Work order:
From the line that contains "dettaglio del colletto" down to the last line of the entries, please return everything exactly, except the pictures.

Recorded information:
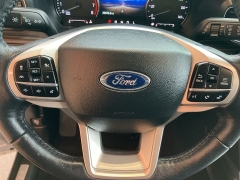 Used 2022 Ford Explorer Limited 4WD at Maxx Loans near ,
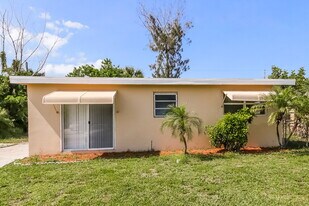 5641 Honeysuckle Dr in West Palm Beach, FL - Building Photo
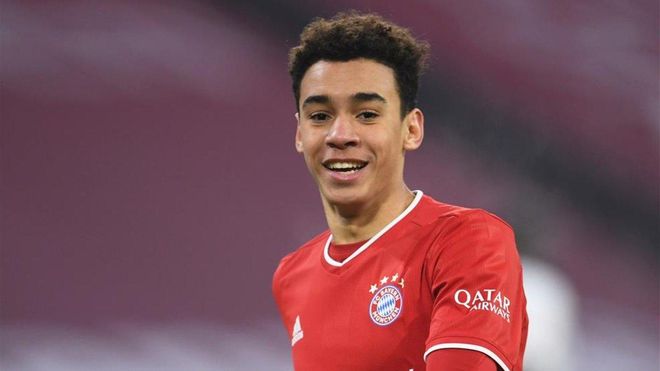 Jamal Musiala, de 17 años, es la nueva perla del conjunto de Munich Jamal Musiala, de 17 años, es la nueva perla del conjunto de Munich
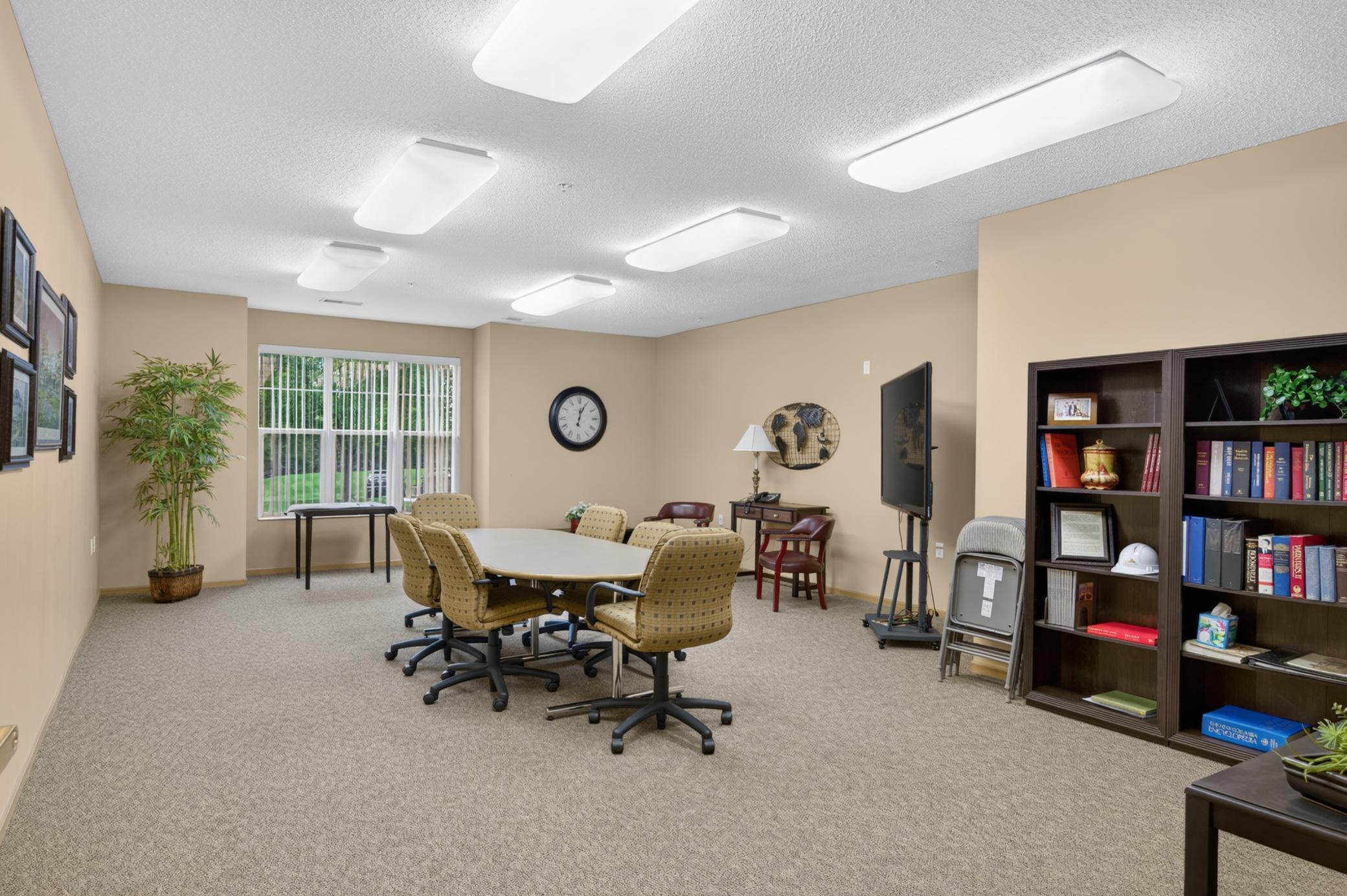 main property photo 24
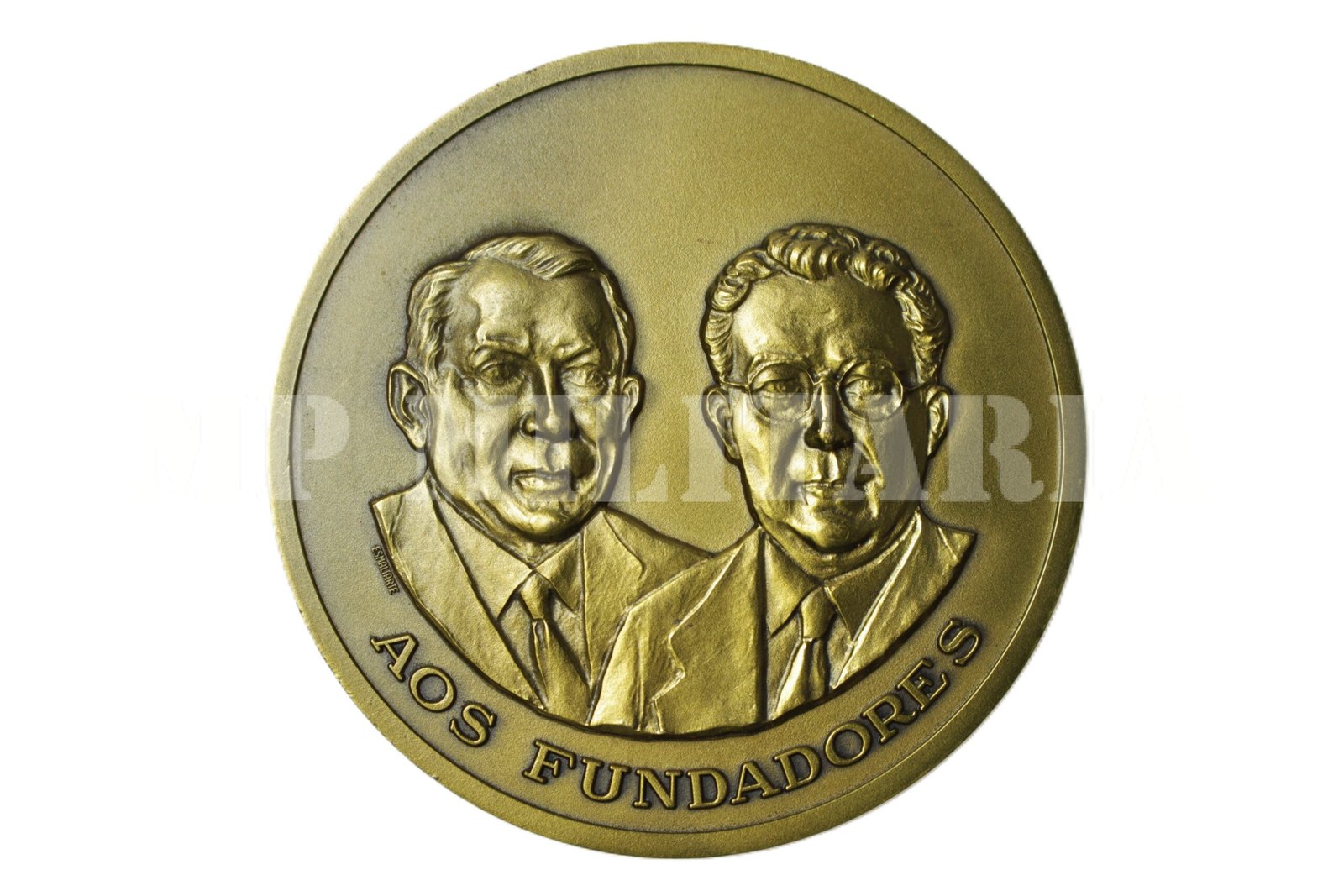 MEDALHA DE 65 ANOS DA VOTORANTIM • AOS FUNDADORES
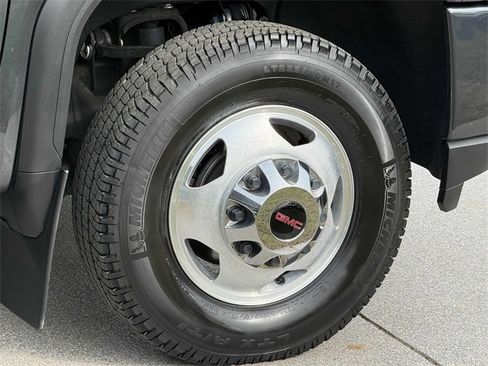 Used 2023 GMC Sierra 3500 Denali image 21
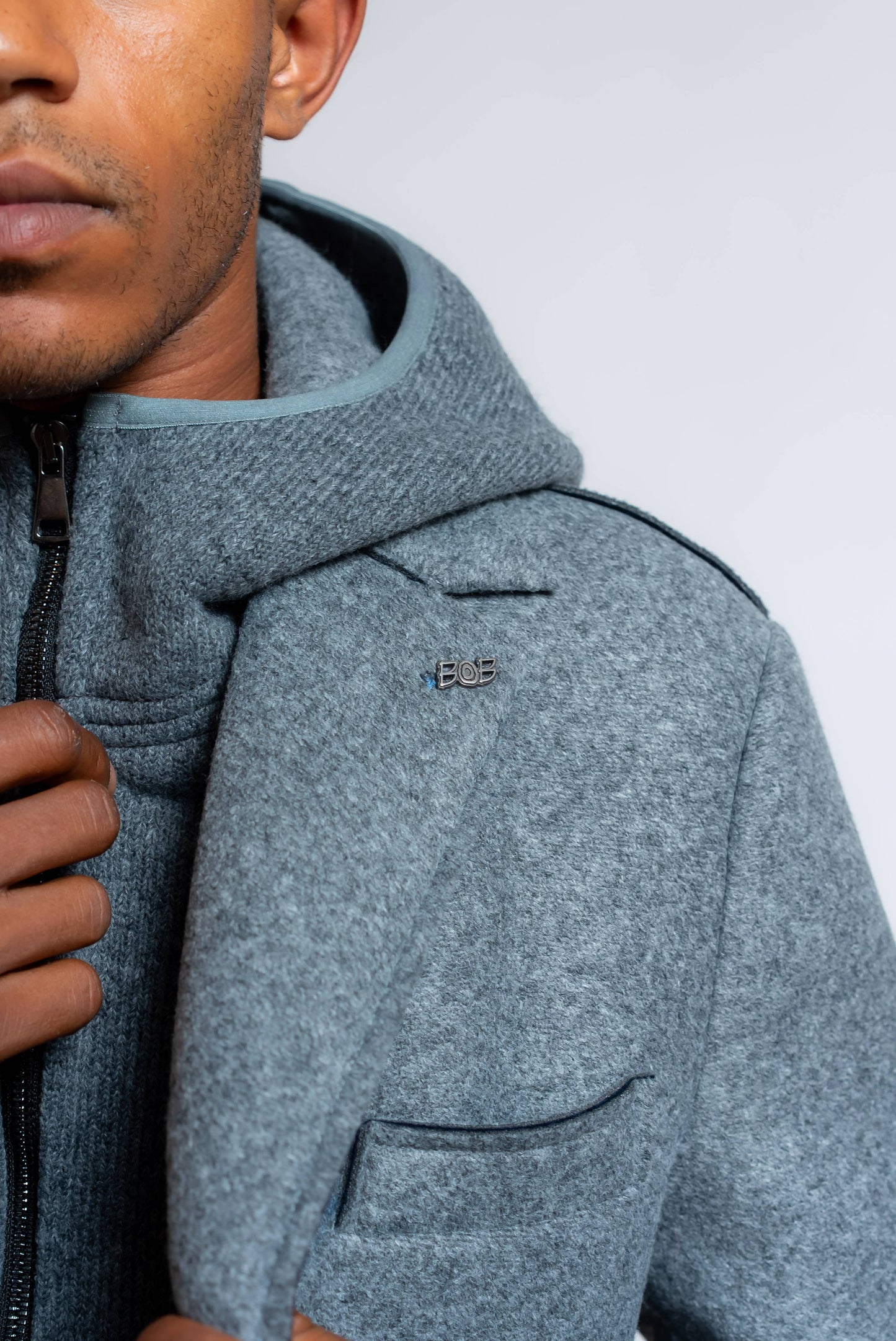 dettaglio del colletto sul cappotto bob andy in neoprene grigio 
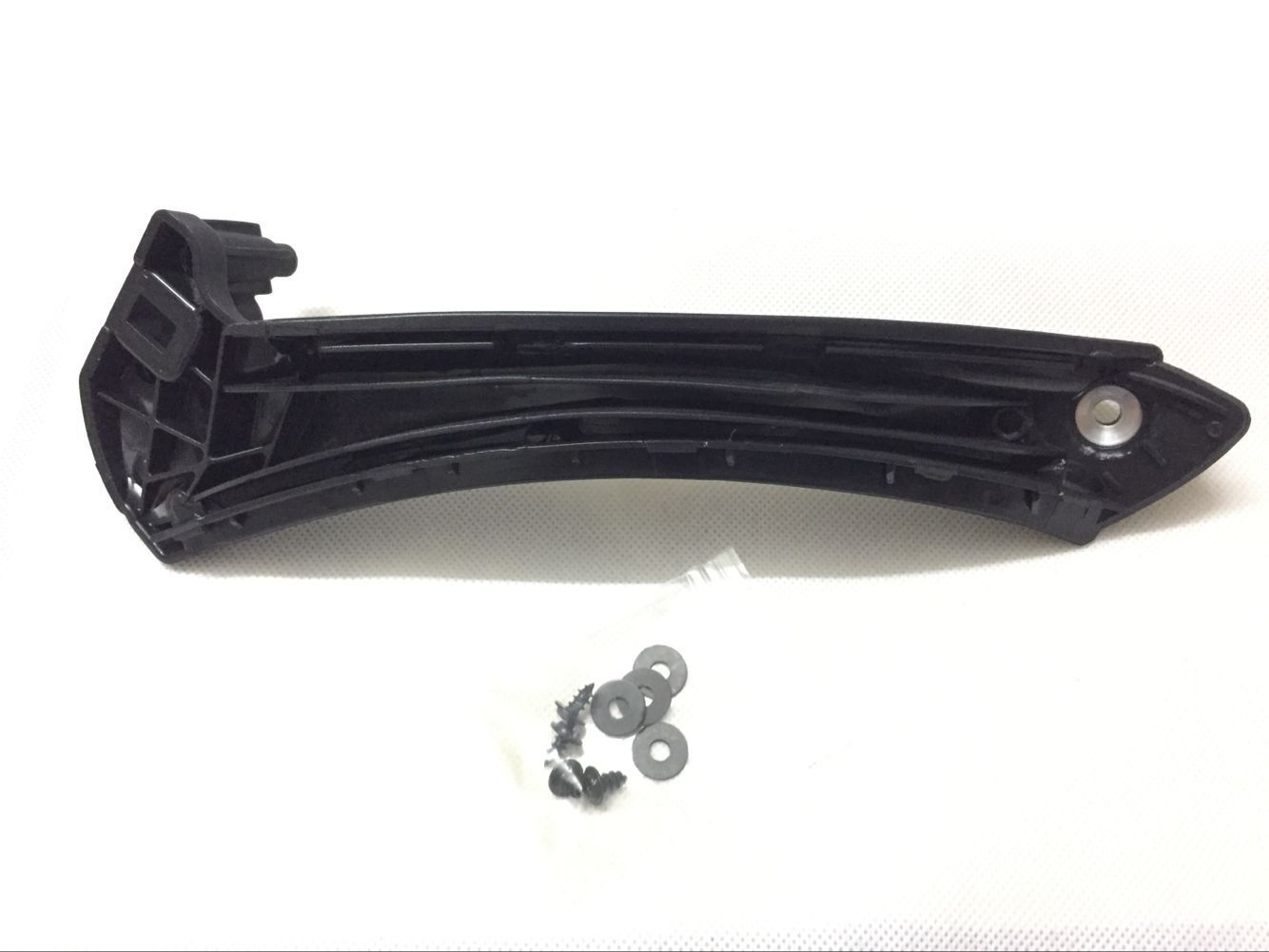 The black inner door panel handle cover on the left side is suitable for E90 328i. n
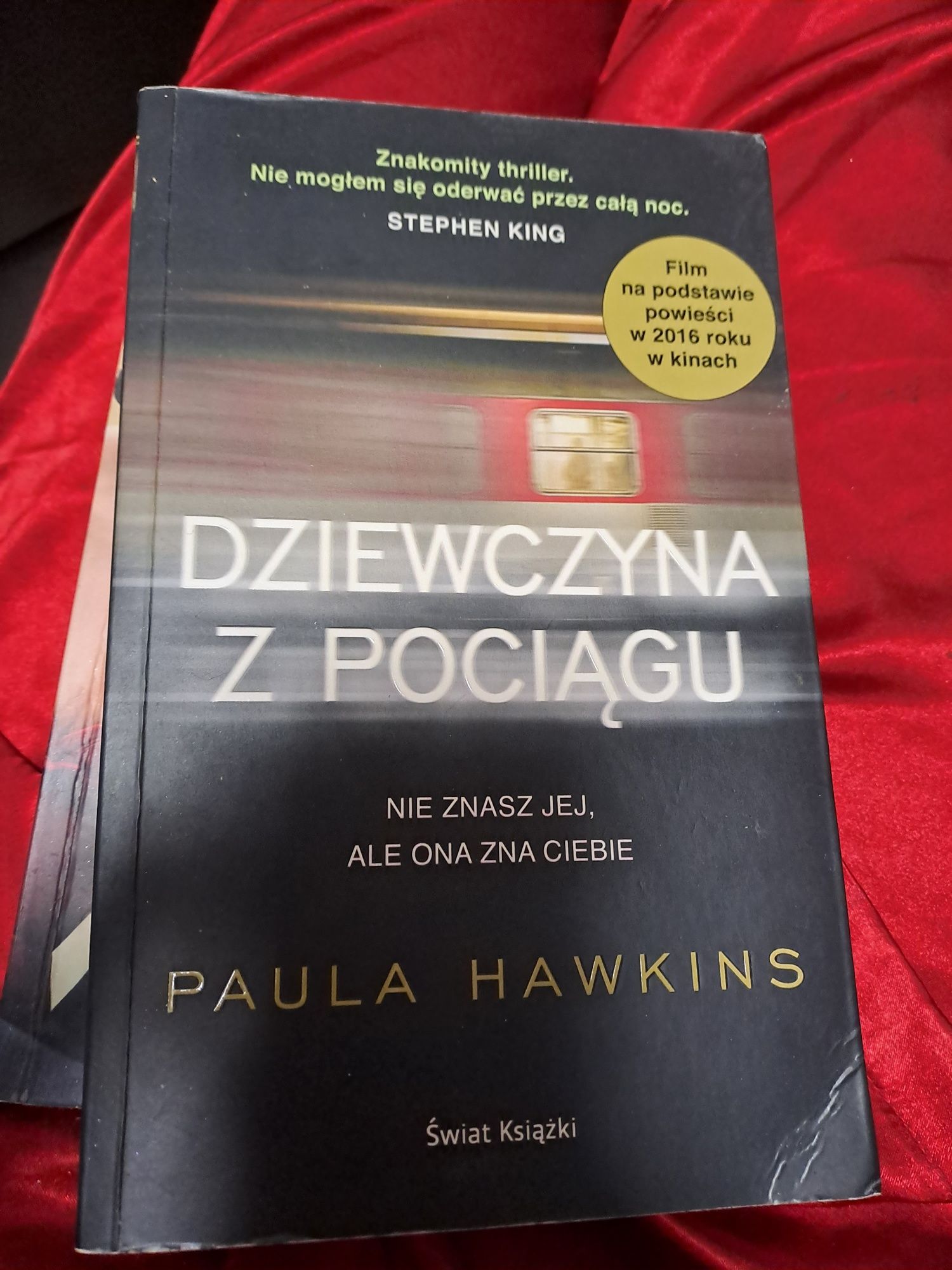 Książka "Dziewczyna z pociągu"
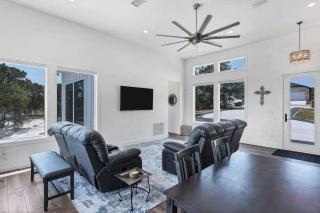 Luxury Hill Country Family Stay Hot Tub Scenic Views - 9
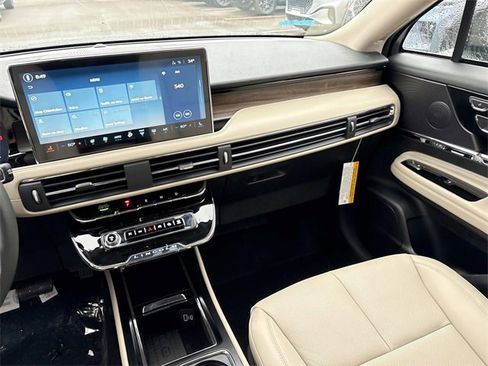 New 2026 Lincoln Corsair Reserve image 15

Problem solution:
 dettaglio del colletto sul cappotto bob andy in neoprene grigio 
 The black inner door panel handle cover on the left side is suitable for E90 328i. n
 Książka "Dziewczyna z pociągu"
 Luxury Hill Country Family Stay Hot Tub Scenic Views - 9
 New 2026 Lincoln Corsair Reserve image 15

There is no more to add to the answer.